DATA PROVIDED section start
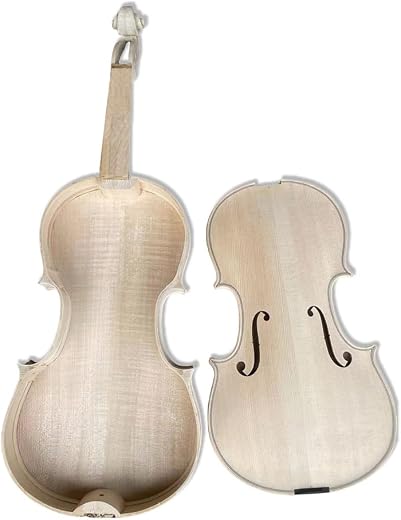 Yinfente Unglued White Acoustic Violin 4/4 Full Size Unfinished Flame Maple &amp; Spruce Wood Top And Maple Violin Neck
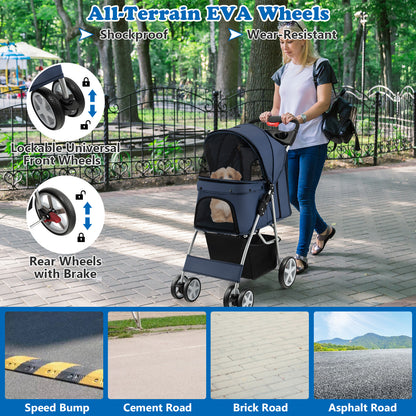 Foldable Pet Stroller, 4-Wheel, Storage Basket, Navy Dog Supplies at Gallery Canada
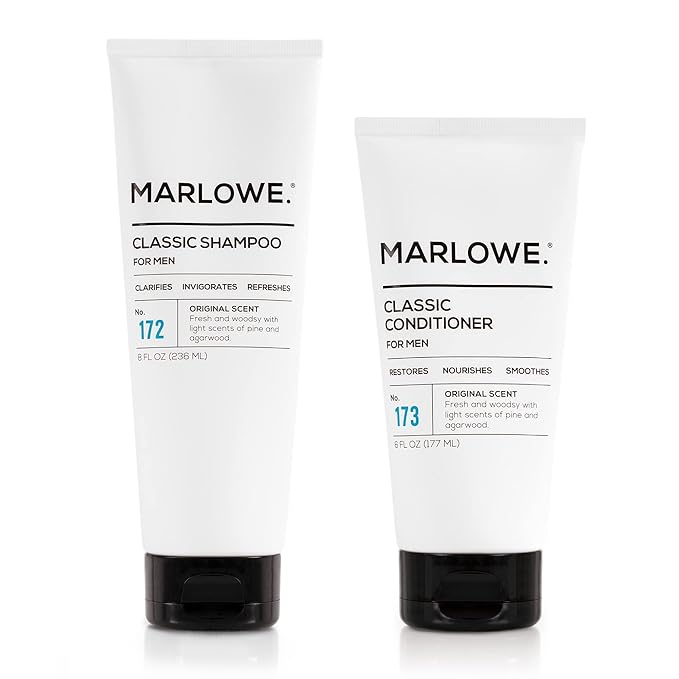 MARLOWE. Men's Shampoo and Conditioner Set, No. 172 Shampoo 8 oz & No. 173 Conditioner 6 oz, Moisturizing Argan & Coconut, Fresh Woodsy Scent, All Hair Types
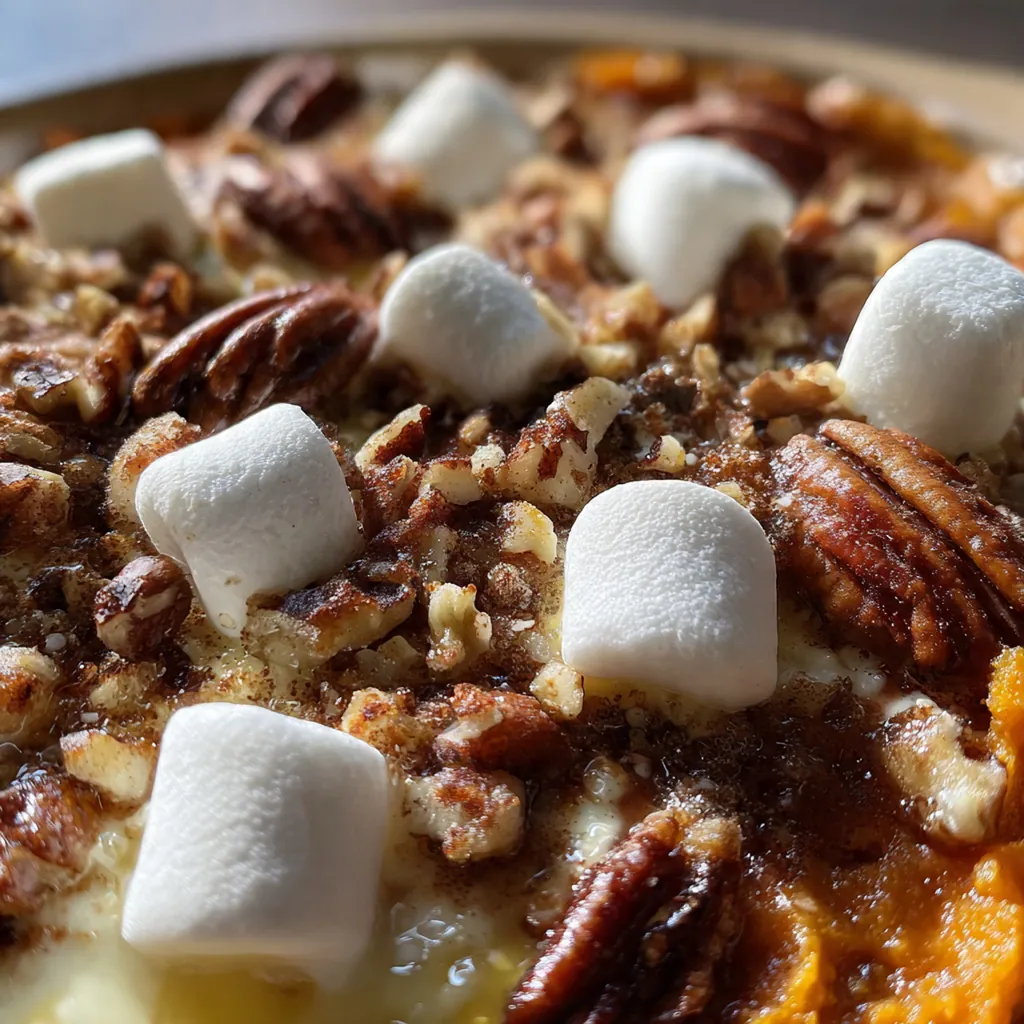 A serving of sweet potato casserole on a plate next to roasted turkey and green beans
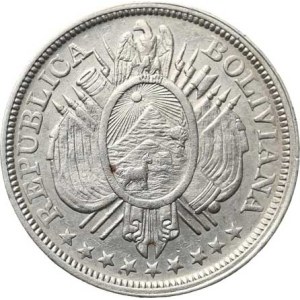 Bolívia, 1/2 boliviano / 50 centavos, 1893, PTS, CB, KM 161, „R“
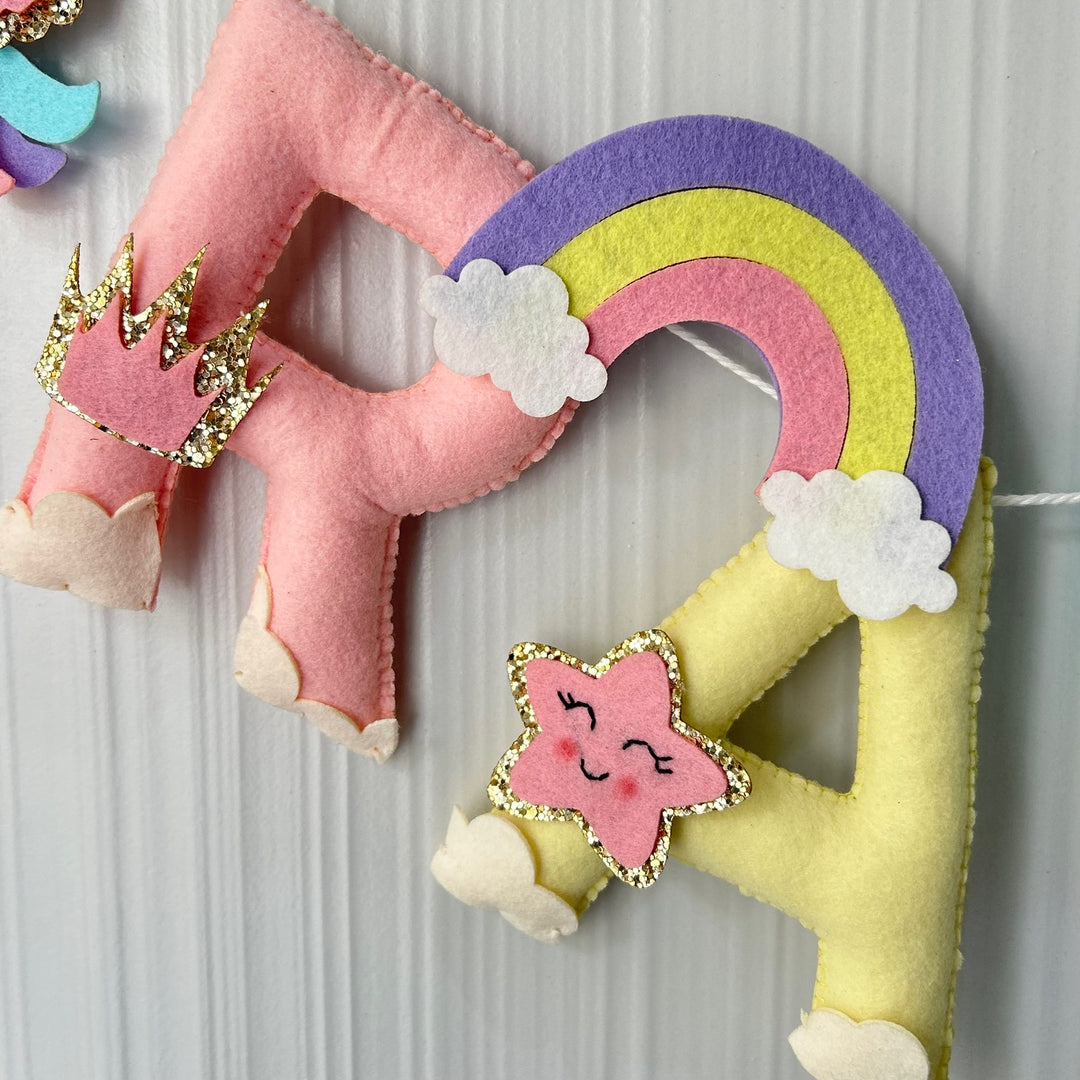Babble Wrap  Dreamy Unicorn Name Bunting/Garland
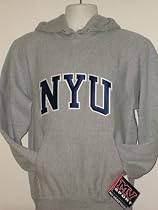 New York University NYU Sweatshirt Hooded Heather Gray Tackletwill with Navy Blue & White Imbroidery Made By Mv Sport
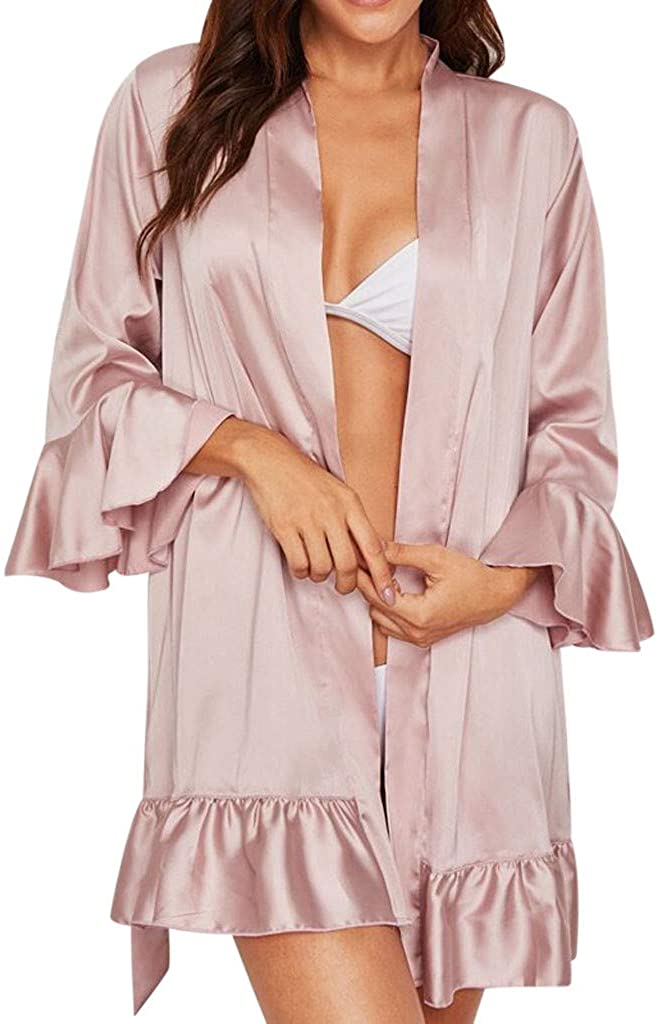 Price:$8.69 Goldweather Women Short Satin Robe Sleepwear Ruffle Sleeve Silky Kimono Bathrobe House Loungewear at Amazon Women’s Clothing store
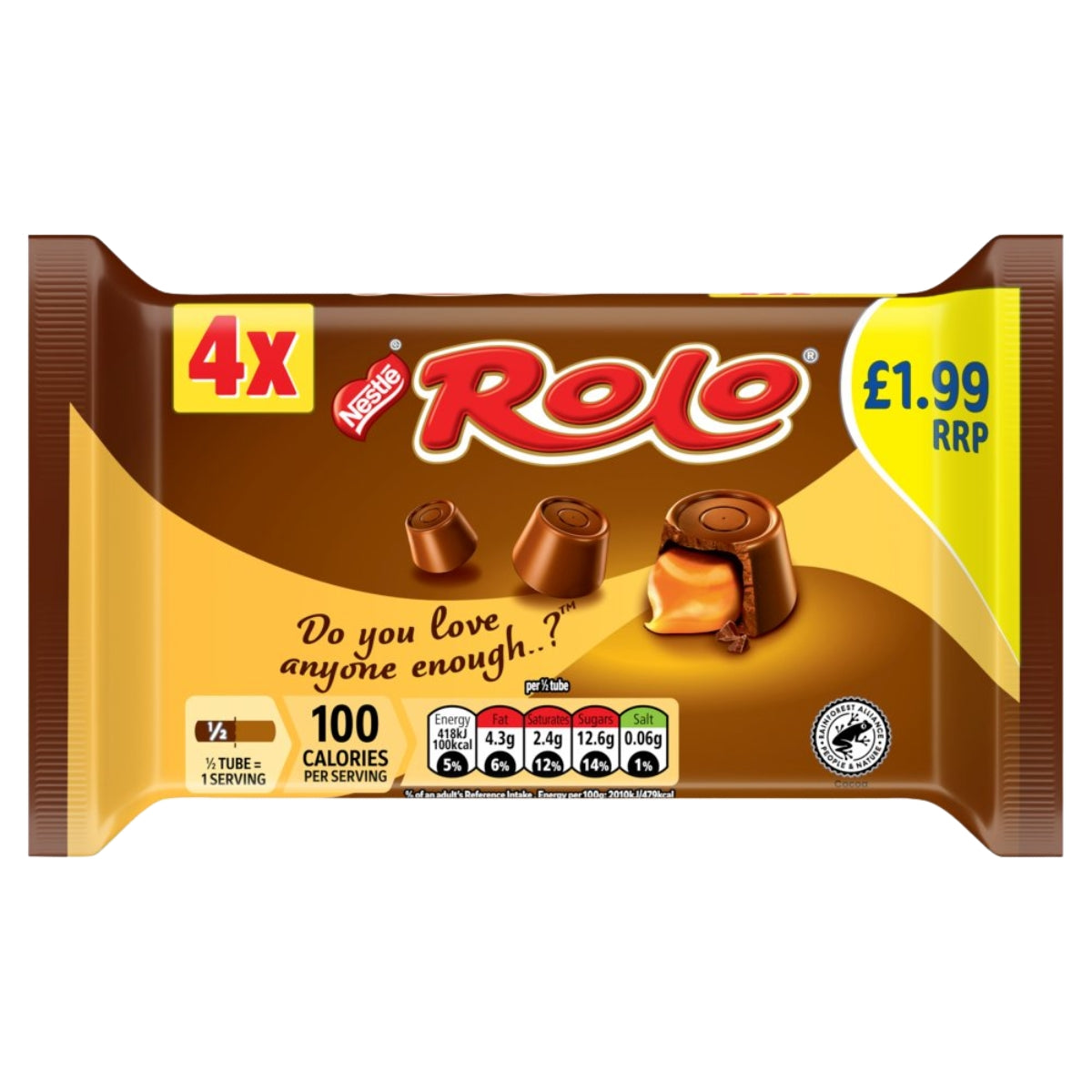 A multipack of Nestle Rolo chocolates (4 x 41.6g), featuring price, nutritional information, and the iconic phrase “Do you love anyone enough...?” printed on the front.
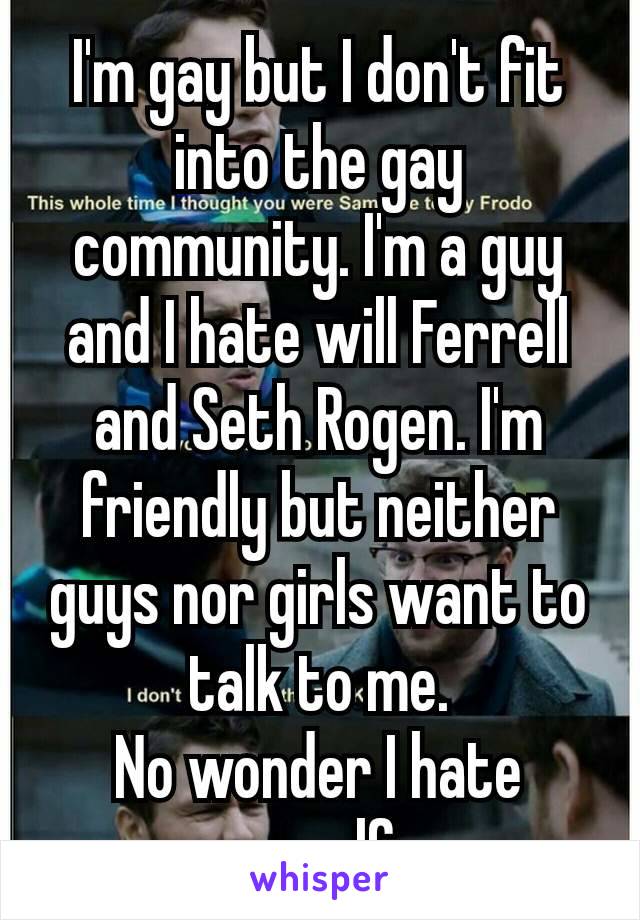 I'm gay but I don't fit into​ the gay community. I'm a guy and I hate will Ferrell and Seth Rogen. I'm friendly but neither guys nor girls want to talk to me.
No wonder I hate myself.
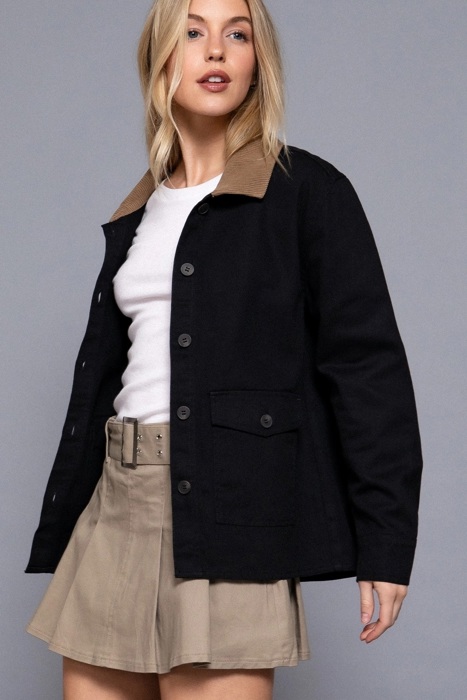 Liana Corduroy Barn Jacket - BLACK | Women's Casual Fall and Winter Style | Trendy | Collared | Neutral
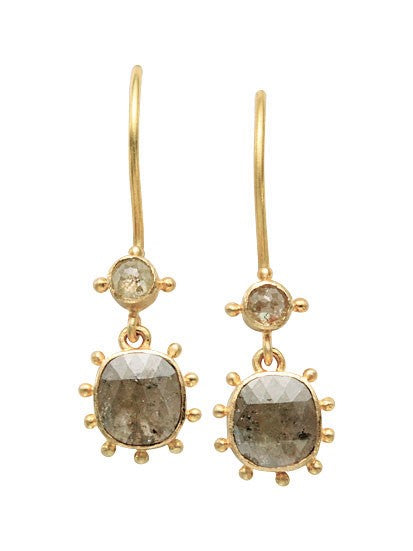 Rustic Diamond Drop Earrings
DATA PROVIDED section end
Lines before the one containing "Liana Corduroy Barn" are not wanted; write out that line and every later line through the end of the data above, exactly, without pictures.

 Liana Corduroy Barn Jacket - BLACK | Women's Casual Fall and Winter Style | Trendy | Collared | Neutral
 Rustic Diamond Drop Earrings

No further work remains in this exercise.